A Complete Guide to Marketing Strategy For Grocery Stores

4 years ago

Grocery stores are a staple in any town – a traditional operation that most folks rely on for food and household items, whether a quick midweek pick-up or mega haul for the whole family. But the times, they are changing.


Today’s world is one of fierce competition and wealth. Competition in the grocery business is no exception. The competitive nature of the industry has led to price wars and buyouts, as well as the standard big box store model. And there are a number of factors in play with such issues.

The Automated Vending Machine (“Machine”) is one of the most common implementation methods used in grocery stores to rapidly clear out product. The first generation of this technology was fairly limited, and consisted of small and portable models that plugged into a wall outlet.

Coordinated from the comfort of a computer, the human shelf-worker is replaced by an algorithmic system that runs the stock and adds products like item “A” in order to maximize profits.

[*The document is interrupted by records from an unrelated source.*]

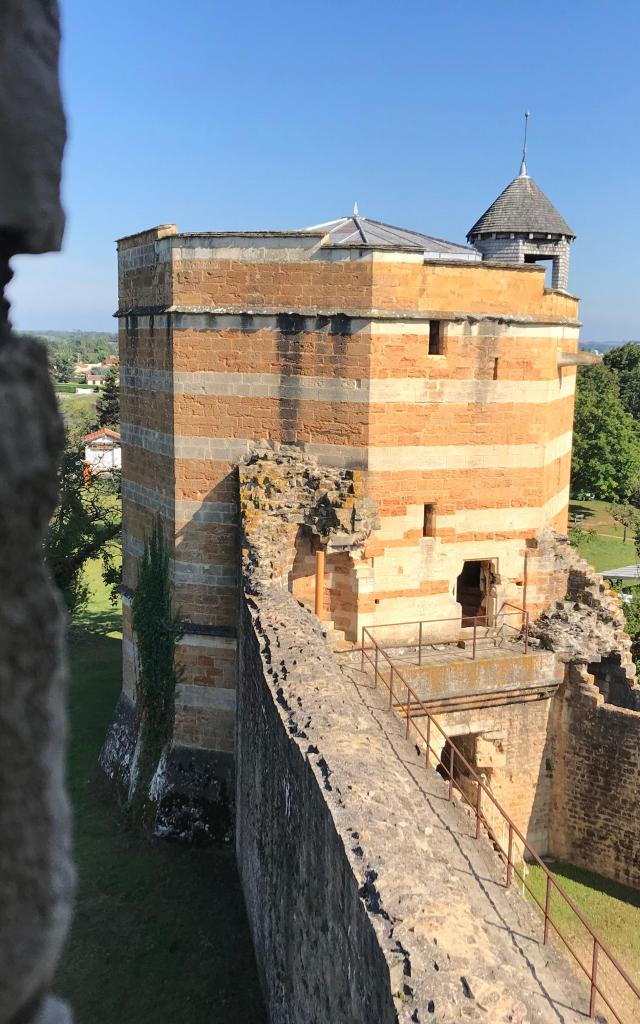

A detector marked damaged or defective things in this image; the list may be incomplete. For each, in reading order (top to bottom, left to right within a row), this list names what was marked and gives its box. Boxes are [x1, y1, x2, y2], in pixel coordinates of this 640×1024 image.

rusty metal railing [364, 606, 528, 663]
rusty metal railing [360, 622, 638, 1024]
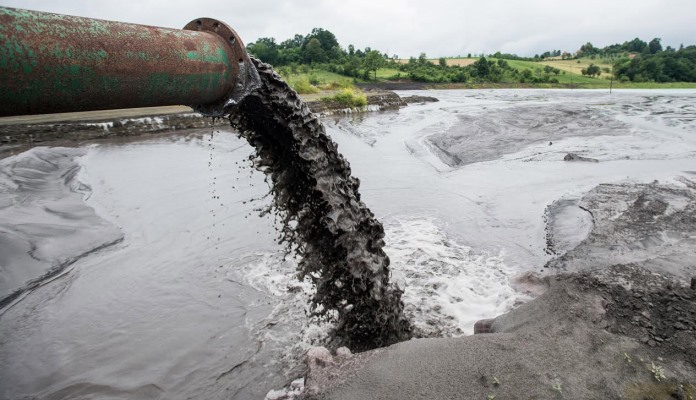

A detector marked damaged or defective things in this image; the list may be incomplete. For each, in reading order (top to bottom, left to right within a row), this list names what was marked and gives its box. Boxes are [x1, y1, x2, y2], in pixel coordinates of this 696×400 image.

rusty industrial pipe [0, 7, 258, 116]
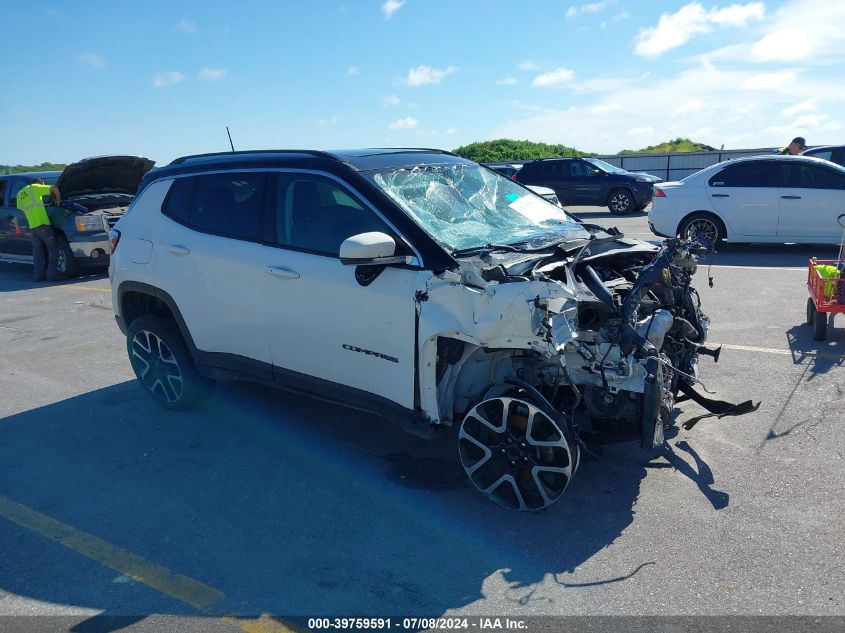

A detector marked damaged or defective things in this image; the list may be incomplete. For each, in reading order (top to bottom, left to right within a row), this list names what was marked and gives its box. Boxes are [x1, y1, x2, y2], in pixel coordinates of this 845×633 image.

Every grocery store that has created a machine has rewritten its business model in order to create the right infrastructure to support this change. The successful stores have tapped into the analytical capabilities of their machines and implemented systems to draw such information out, and to adapt the business model to the advantages found in the data.

What are the prospects for a new era of big box grocery in the future?

Grocery stores have identified that they need to embrace technology and data if they are to survive in the future. And data is not just something that relies on inventory management, as the traditional industry focus has been. Data is now a key driver for success in the grocery industry.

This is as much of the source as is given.